The thing about seasons is that they don’t just happen outside of you. They happen within you. And living on a Wharram—a boat that invites a deep kind of intimacy with weather, time, and the many moods of our aquatic world —you feel these shifts in more ways than one.
The First Signs Arrive Quietly
It’s rarely the big, dramatic signs that tell you the season is turning. The signs arrive in very subtle ways.
For example when summer is approaching its end.

One morning, you wake up and realize the deck feels cooler under your bare feet. Not cold. Not even chilly. Just… cooler. The morning sun doesn’t arrive with the intense heat of mid summer anymore. The daily arrival point of “it’s too damned hot” happens a little later each week.
It also begins to show at sunset. No longer is the last couple of daylight hours filled with the intense blowtorch heat from both the sun and its reflection from the water. You can now sit, in the shade, without sweating like a dripping sponge.
The world is changing.
So are you.
Living Close to the Vagaries of the Season
For me, living on a Wharram means living at the mercy—and delight—of the small details of the natural world. There’s no central heating . No thick insulation slowing the transfer of heat.
A Wharram is an honest boat. Admirably so.
When the season shifts, the boat tells you long before your calendar does.
The lashings seem to change their tension depending on humidity, allowing the beams to sometimes creak in their sockets when the boat gets rocked by waves. The morning air slips over the bows with a different character you can’t hide from. I’m exposed to it just from making my morning coffee, it’s in the other hull with an open deck in between.
And you become an involuntary weather-watcher.
Most people have to step outside to feel the season. You simply wake up and feel it immediately—in the boards under you, the air inside the cabin, the way your pillow holds warmth or releases it instantly.
There is nowhere to hide from seasonal change aboard a Wharram.

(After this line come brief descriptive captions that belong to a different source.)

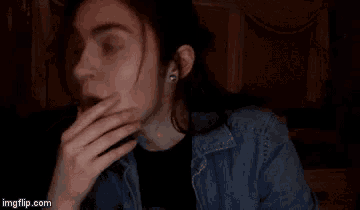 a man with long hair is yawning and covering his mouth with his hand in a dark room .
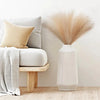 A tall white vase holds a fluffy beige pampas grass floral decor arrangement next to a light gray sofa.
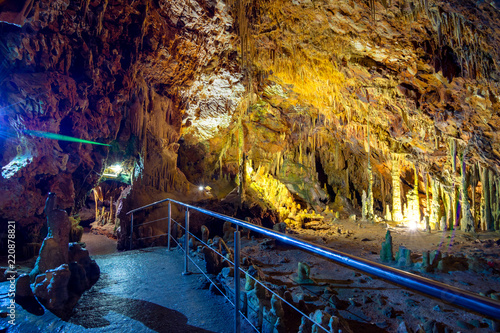 The magnificent and majestic caves of Diros in Greece. A spectacular sight of stalacites and stalagmites which took millions of years to form.The cave is located underground and can be viewed by boat. photo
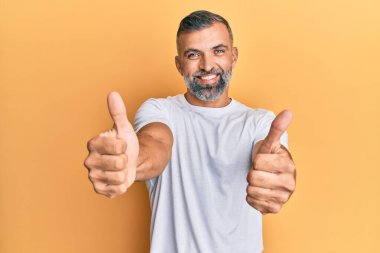 Orta yaşlı beyaz tişört giyen yakışıklı bir adam elinle olumlu jest yapmayı onaylıyor, gülümsüyor ve başarı için mutlu. kazanan jest. 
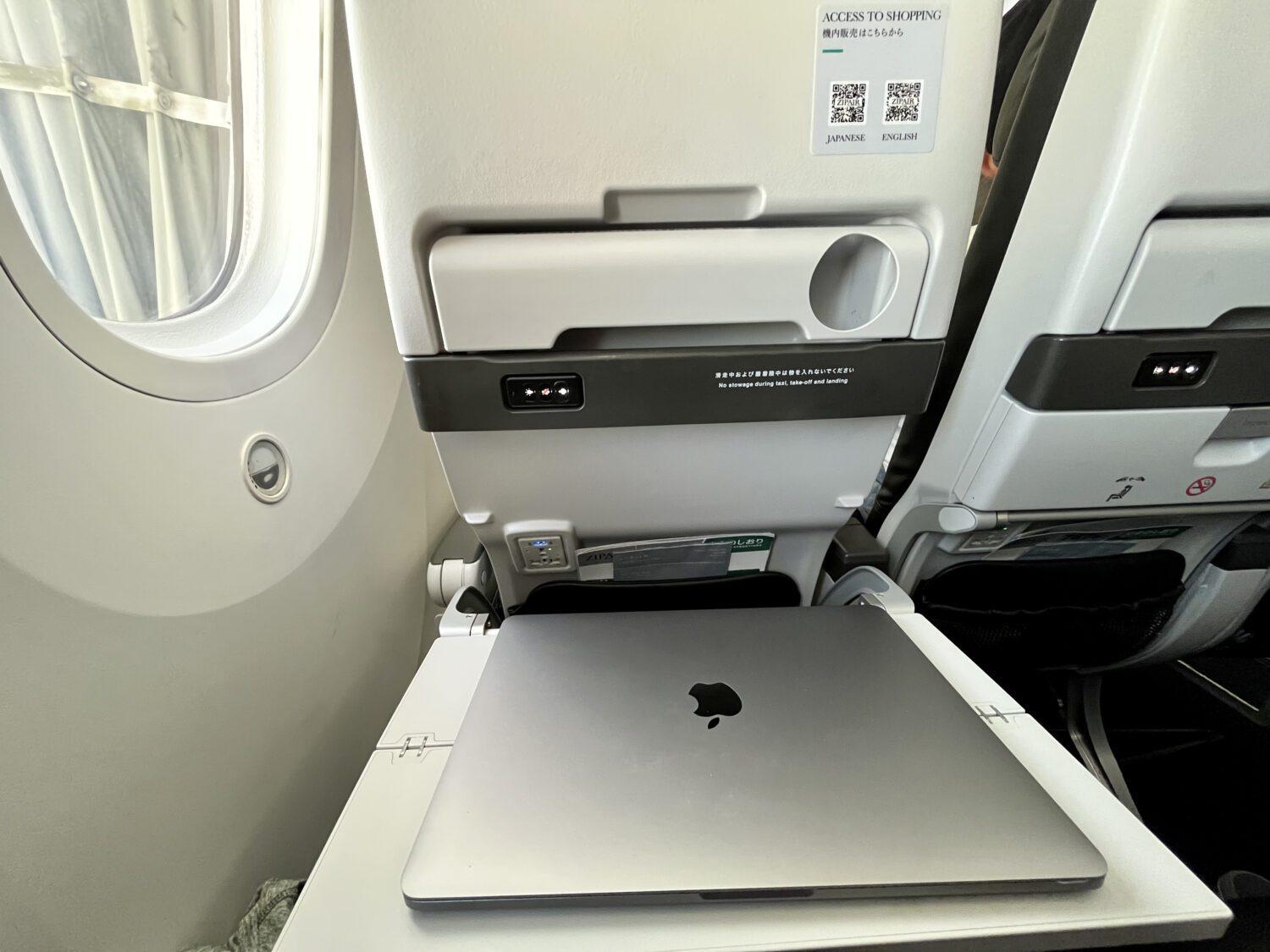 Zipair economy tray table with laptop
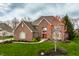 Attractive brick home with vibrant landscaping, a well-maintained lawn, and mature trees at 7326 Elm Ridge Dr, Indianapolis, IN 46236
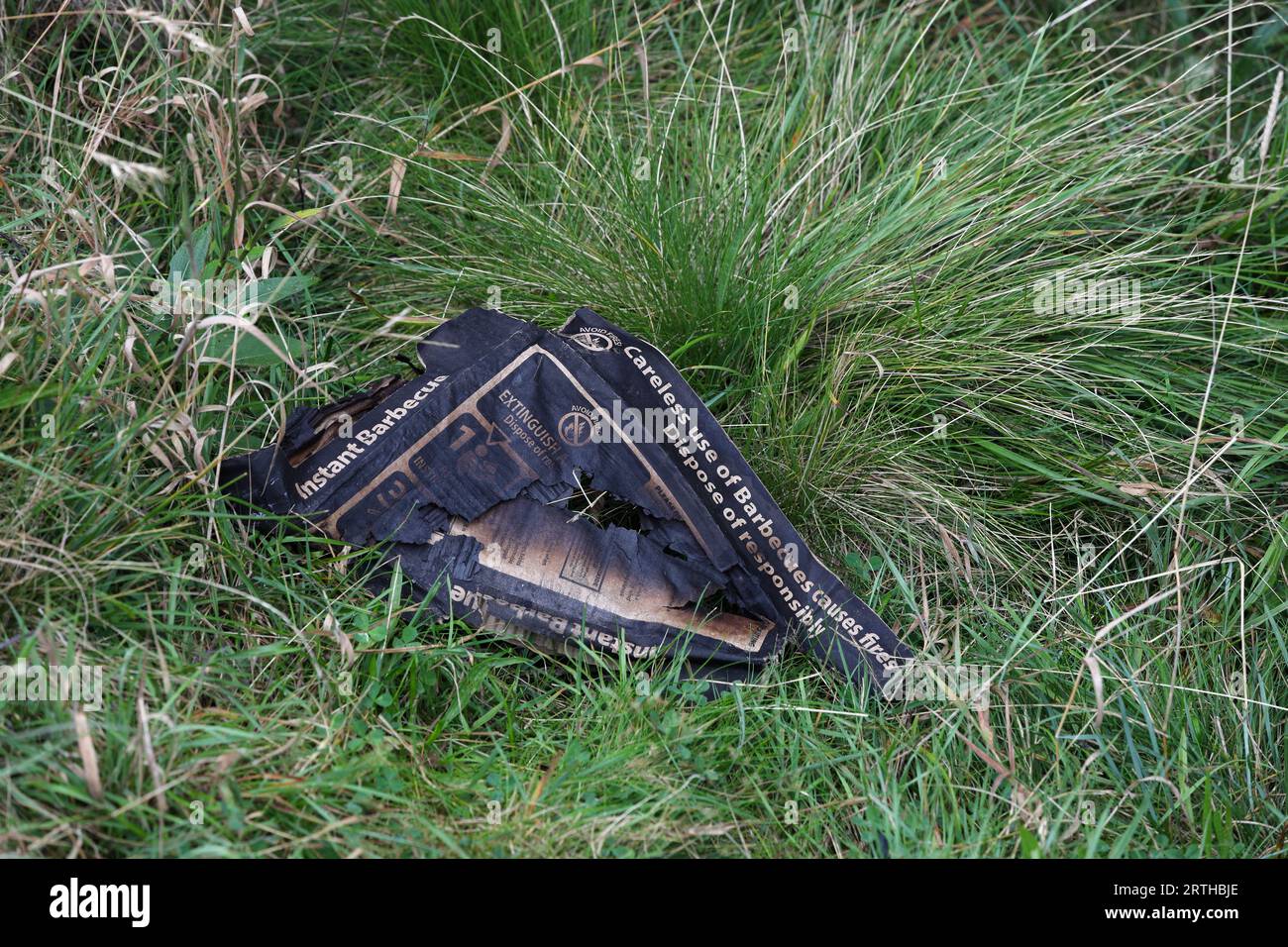 Irresponsibly dumped burned disposable barbeque packaging with warnings that have been ignored, Teasdale, County Durham, UK Stock Photo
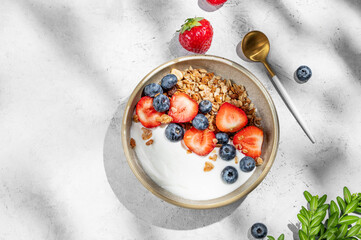 Natural greek yogurt with granola, blueberry and strawberry in a bowl on a light background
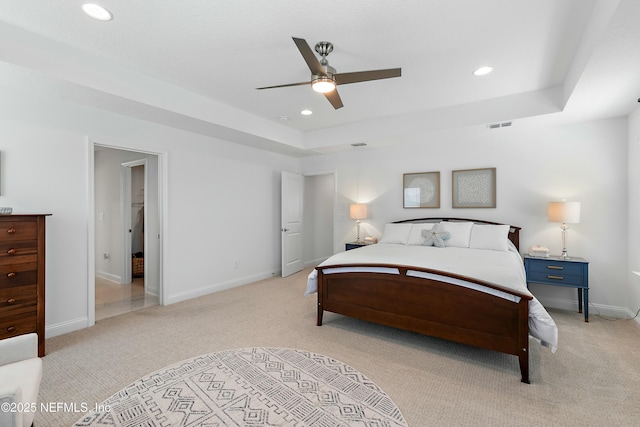 bedroom featuring a tray ceiling, recessed lighting, and visible vents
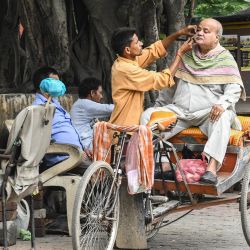 Un hombre se afeita la barba mientras se sienta en un rickshaw en una acera de Amritsar. | Foto:Narinder Nanu / AFP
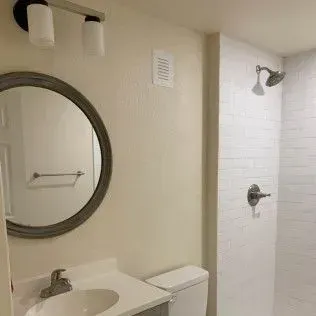 Bathroom with round mirror, sink, toilet, and white tile shower.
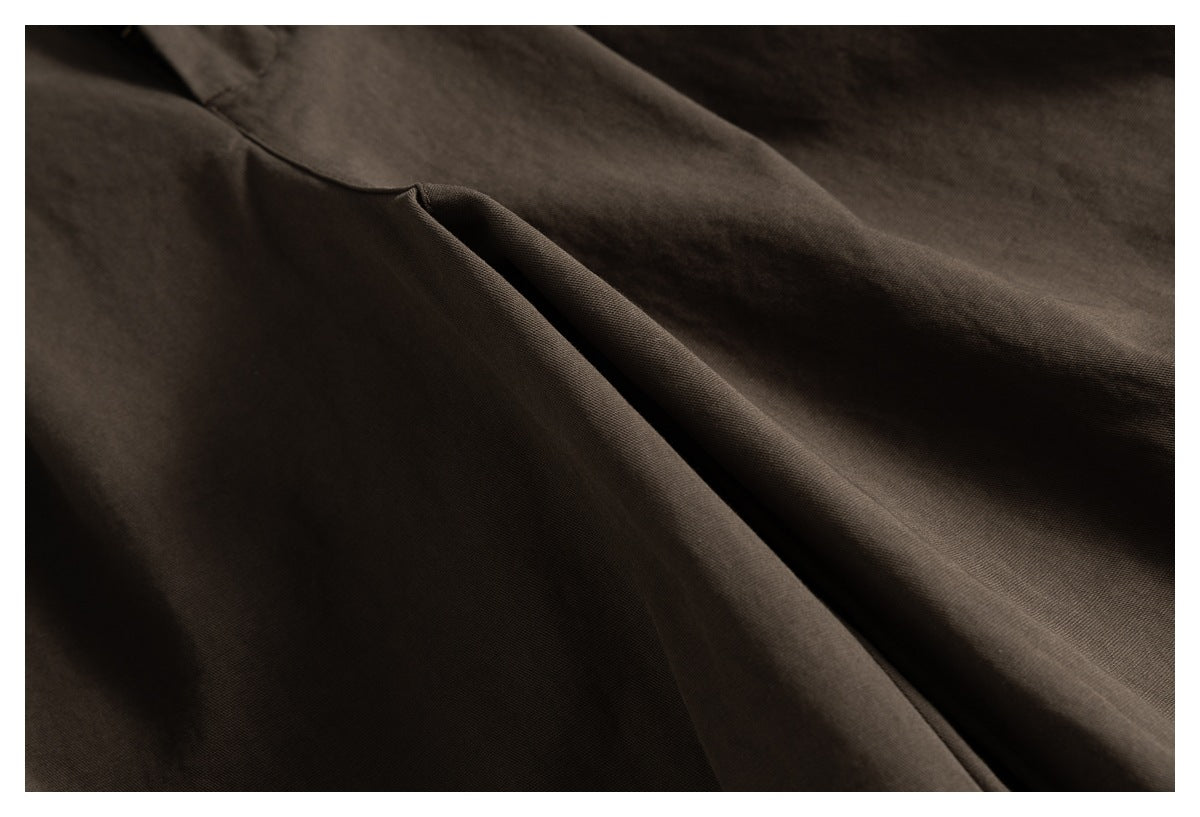 Close-up of brown trousers showing a slanted pocket opening and surrounding fabric folds.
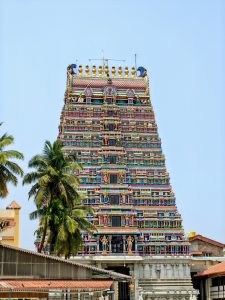 Colorful gopuram of the Sharada Temple rises in intricate Dravidian tiers, framed by coconut palms under a clear blue sky.
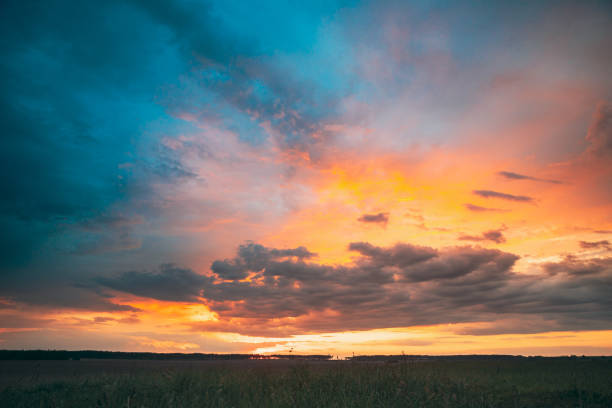 istock Spring Summer Meadow At Evening Sunset Sunrise. Natural Bright Dramatic Sky In Different Colours Above Countryside Meadow Landscape. Agricultural Landscape In May 1166054890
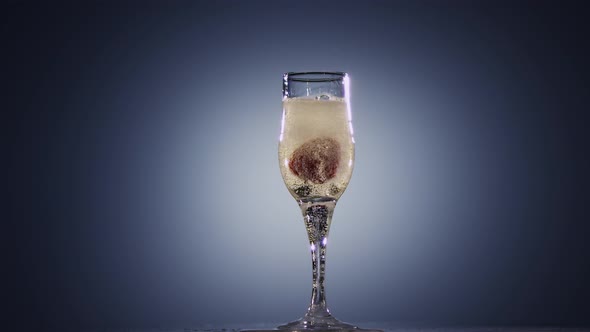 Slow Motion, in Glass with Champagne Wine Falling Fresh Strawberry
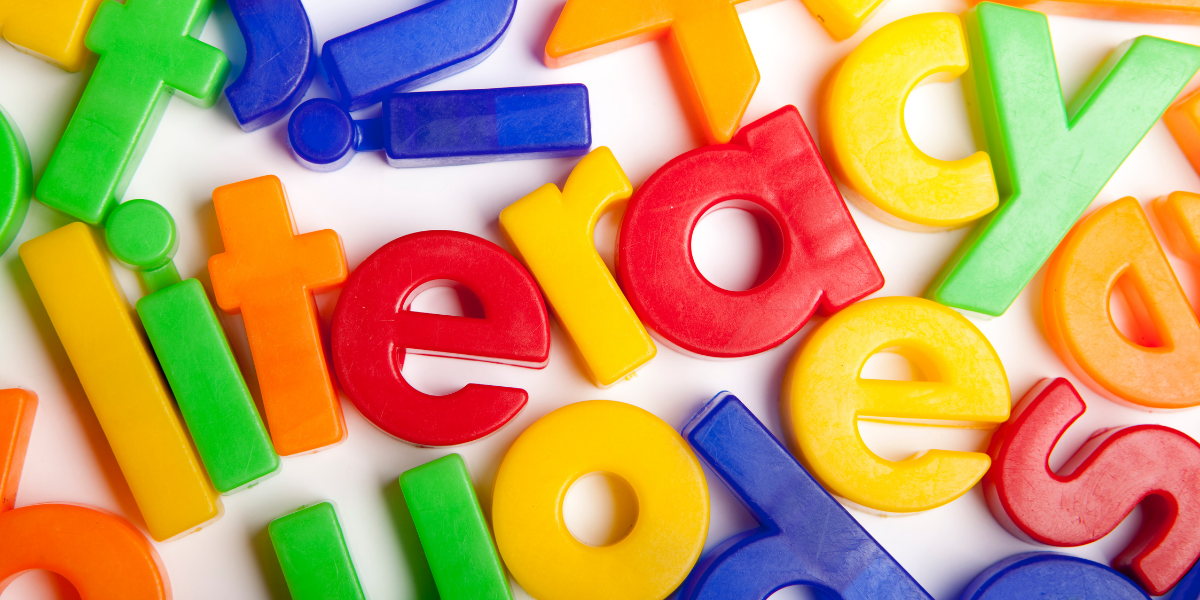 Colorful plastic letters scattered on a white surface, with the word 'literacy' formed in the center using red, yellow, green, blue, and orange letters.
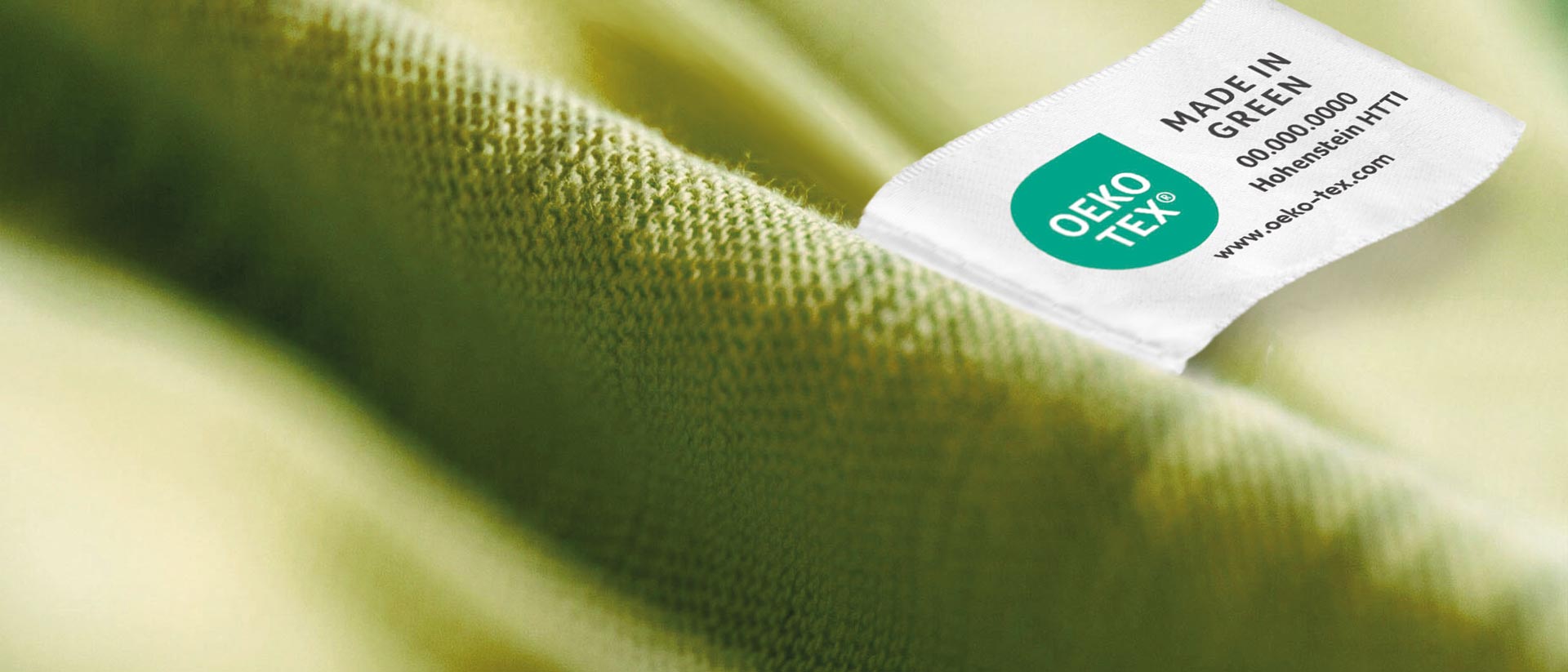 OEKO-TEX® MADE IN GREEN woven label sewn into sustainable green garment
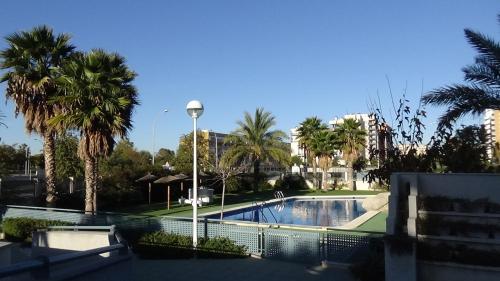 Bazén v ubytování Aпартаменты в San Juan Playa nebo v jeho okolí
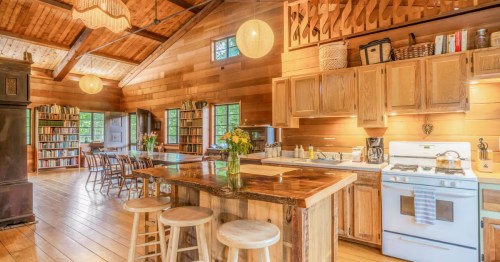 The open concept kitchen area at the Alpine-style AIrbnb, The Chalet in Nelson, New Hampshire. Wooden decor is pictured throughout the room.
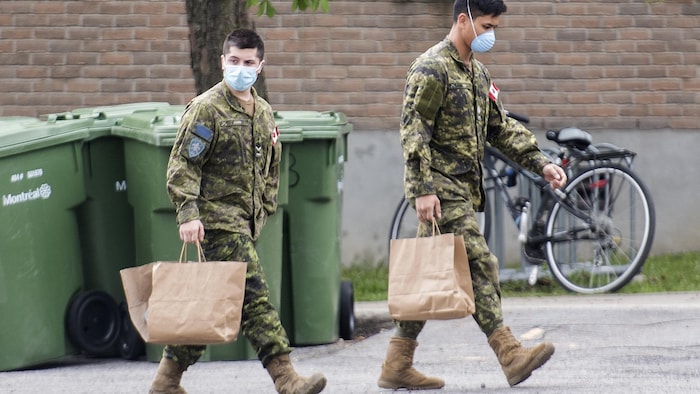 Des membres des Forces armées canadiennes transportent des sacs bruns.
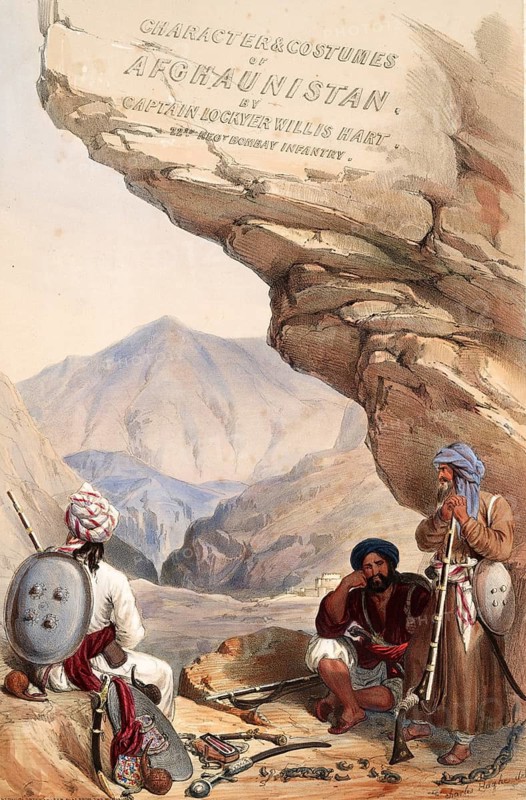 Three men with musical instruments rest under a rock in the mountainous landscape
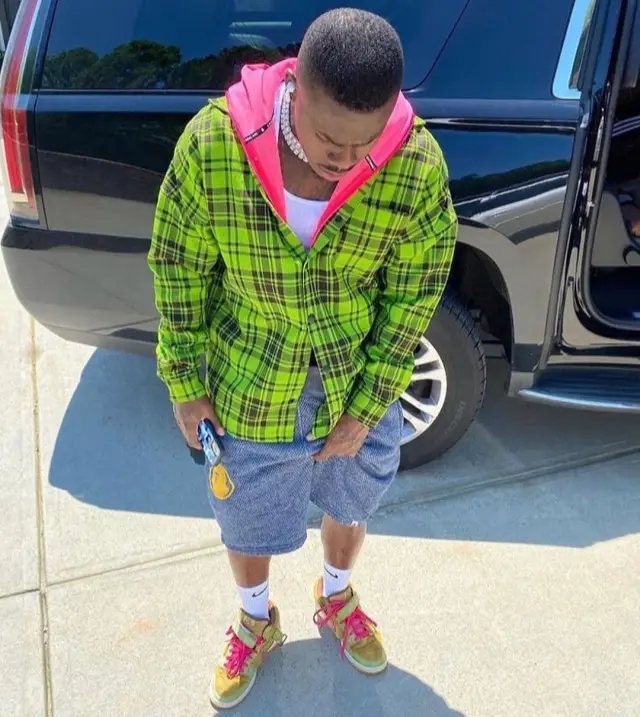 DaBaby outfit in Palm Angels, Bape, and Champion, 2020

But that is precisely what makes it beautiful.
Seasonal Shifts Bring Inner Shifts
The funny thing about the changing season is that it always seems to come hand-in-hand with a quiet internal rearranging. Every new season invites a different version of you to step forward.
Maybe that version is more contemplative.
Maybe more adventurous.
Maybe a little tired and ready for rest.
Maybe itching to do a refit, finish repairs, or start those improvements you swore you’d get to when “things slowed down.” Not that they ever really sped up on a Wharram.

Living on a Wharram makes this inner-shift especially unavoidable. The boat’s openness invites self-awareness of a rare kind. The elements aren’t out there. They’re right here, drifting through the living space, humming in the rigging, tapping lightly at the hulls and cabin tops.
A new season arrives, and you feel you’re being nudged toward something. A different rhythm. A bolder mindset. Or simply the kind of small internal maintenance that humans need just as much as boats do.
We don’t often talk about spiritual oil changes, but maybe we should.
The Rituals of Transition
The strange thing about seasonal transitions aboard, especially leaving summer, is that they always initiate a kind of domestic dance—small rituals that prepare you, your boat, and your mind for what’s coming.
You might have:
Another blanket or two that now lives permanently on the bed
The small heater to ward off the morning chill is out of storage
The hatch above the bed doesn’t open quite as early in the morning
Put away the fans and pretend you’re not a little sad to see them go
Consider where you stashed the cold weather gear months ago
These rituals are the liveaboard’s version of migrating geese—or squirrels storing nuts, only you’re pulling sweaters or repositioning your cold foul-weather jacket so you don’t find yourself hunting for it at exactly the wrong moment.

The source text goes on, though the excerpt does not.